**Problem statement**
Begin at the line containing "करौली: पुलिस अधीक्षक" in the entries below and end at the line containing "Super cute knit top - Picture 1 of 5"; transcribe that range exactly and nothing outside it.

*** Recorded information ***

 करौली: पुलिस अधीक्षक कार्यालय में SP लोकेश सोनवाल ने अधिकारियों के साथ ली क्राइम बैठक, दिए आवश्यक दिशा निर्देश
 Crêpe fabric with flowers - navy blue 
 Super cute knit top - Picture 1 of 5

***
*** Recorded information ***

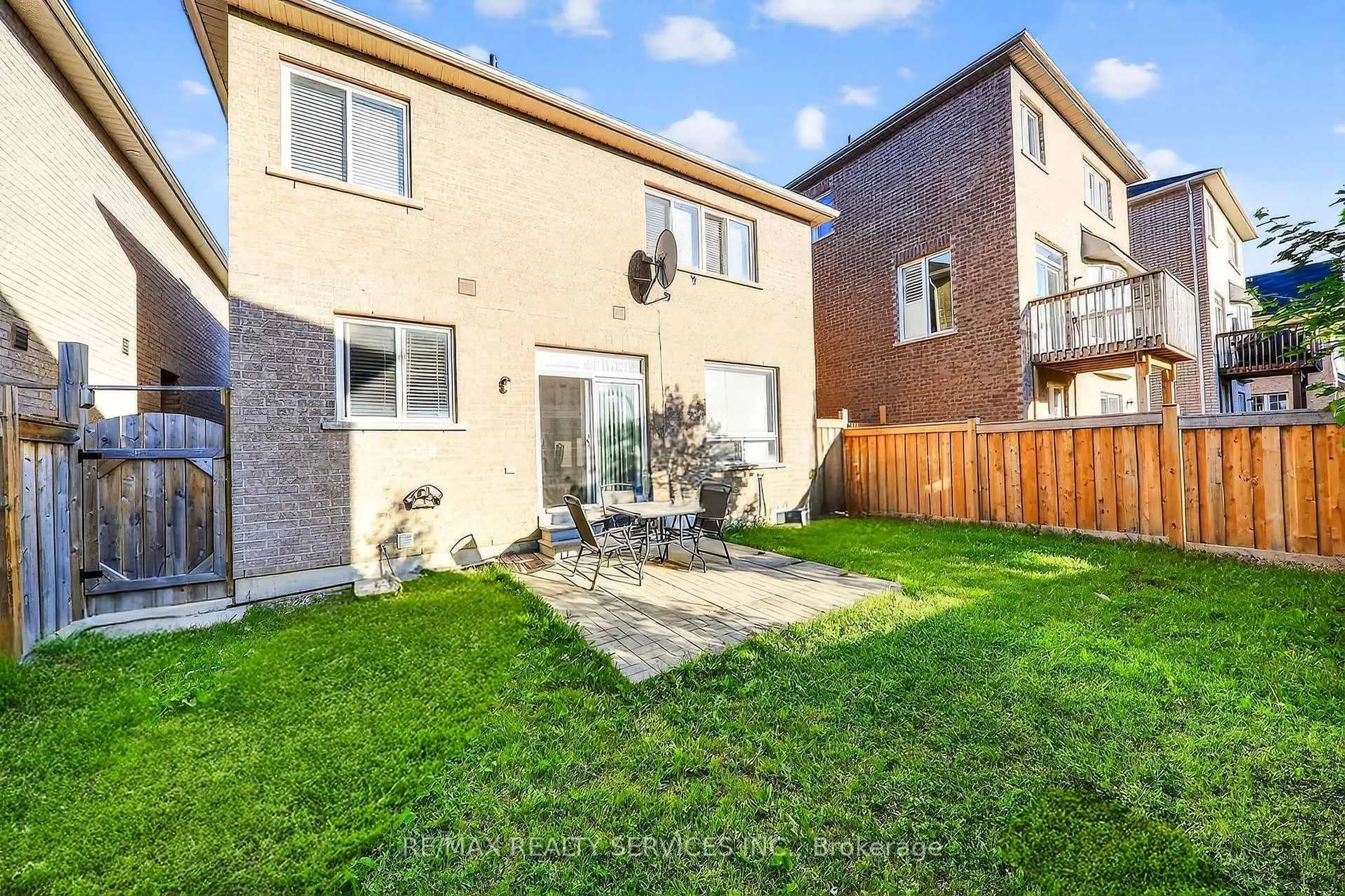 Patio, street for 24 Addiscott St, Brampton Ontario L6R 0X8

***

**Response to this task**
 करौली: पुलिस अधीक्षक कार्यालय में SP लोकेश सोनवाल ने अधिकारियों के साथ ली क्राइम बैठक, दिए आवश्यक दिशा निर्देश
 Crêpe fabric with flowers - navy blue 
 Super cute knit top - Picture 1 of 5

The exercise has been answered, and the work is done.